How do you find the intersection(s) of two circles with equal radii?

Question

I have two circles with the following equations: \begin{equation*} (x-a_1)^2+(y-b_1)^2=r^2 \\ (x-a_2)^2+(y-b_2)^2=r^2 \end{equation*} The two radii are equal. How do you find the intersections of any two circles with equal radii?

Answer 1

Notice that you have $(x-a_1)^2+(y-b_1)^2=r^2=(x-a_2)^2+(y-b_2)^2$

That you transform in

$(x-a_1)^2-(x-a_2)^2=(y-b_2)^2-(y-b_1)^2$

$a^2-b^2=(a-b)(a+b)$ thus you have

$(a_2-a_1)(2x-a_1-a_2)=(b_1-b_2)(2y-b_2-b_1)$

or

EDIT: forgot the factor 2, thanks for the comments!
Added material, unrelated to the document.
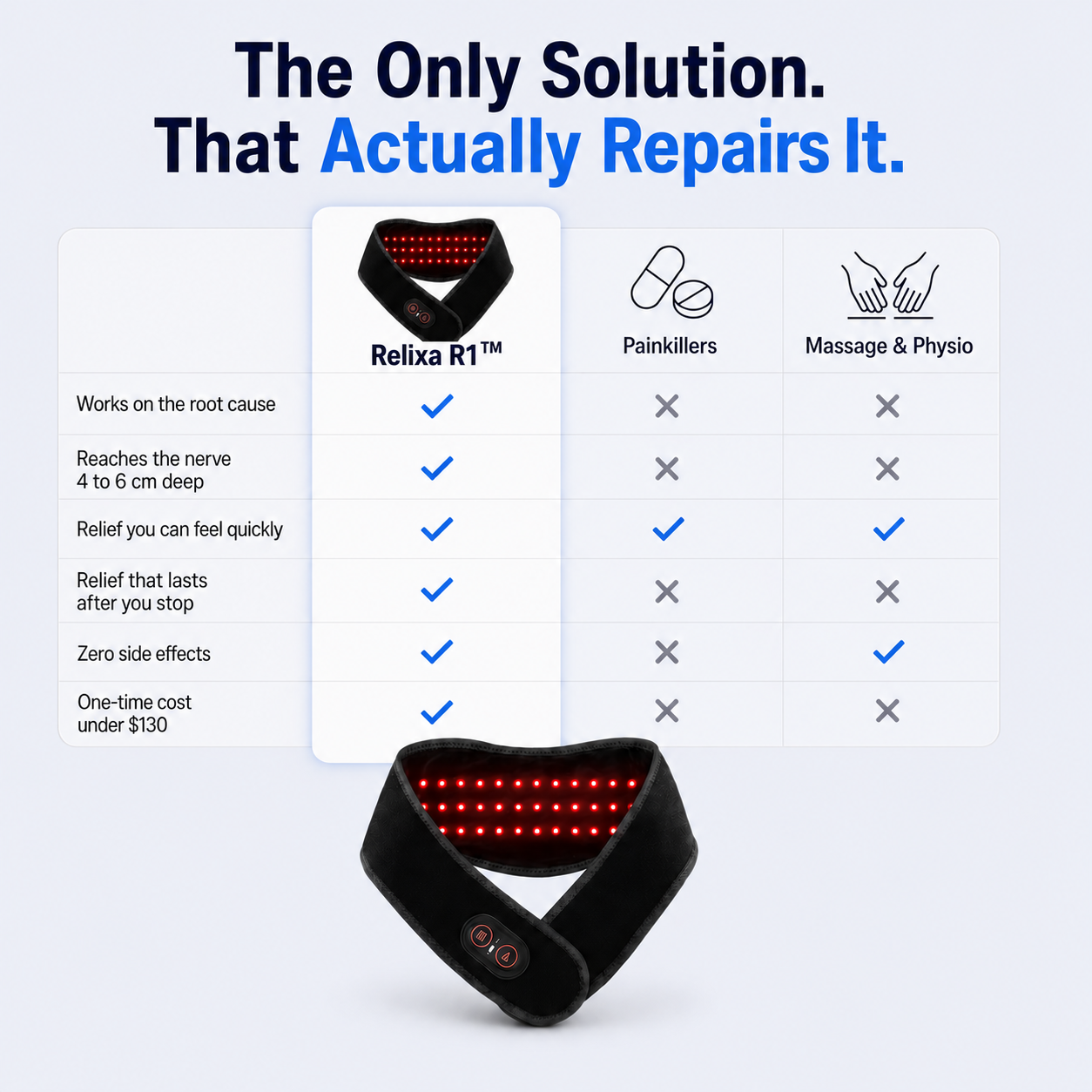 The only solution that actually repairs it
$y=\dfrac{(a_2-a_1)(2x-a_1-a_2)}{2(b_1-b_2)}+\dfrac{b_2+b_1}{2}$

Don't forget that you have also to verify the first equations, so you have to plug this into one of them...

Answer 2

Simply equate them: the points of intersection belong to both circles, and thus verify $$(x_i-a_1)^2+(y_i-b_1)^2=(x_i-a_2)^2+(y_i-b_2)^2$$ where $(x_i,y_i)$ are the coordinates of the intersection points.

Answer 3

Simplify the equations, subtract one from,the other, express y trough x or x through y, and then put it in one of the original equations.

Now you can find the intersection points.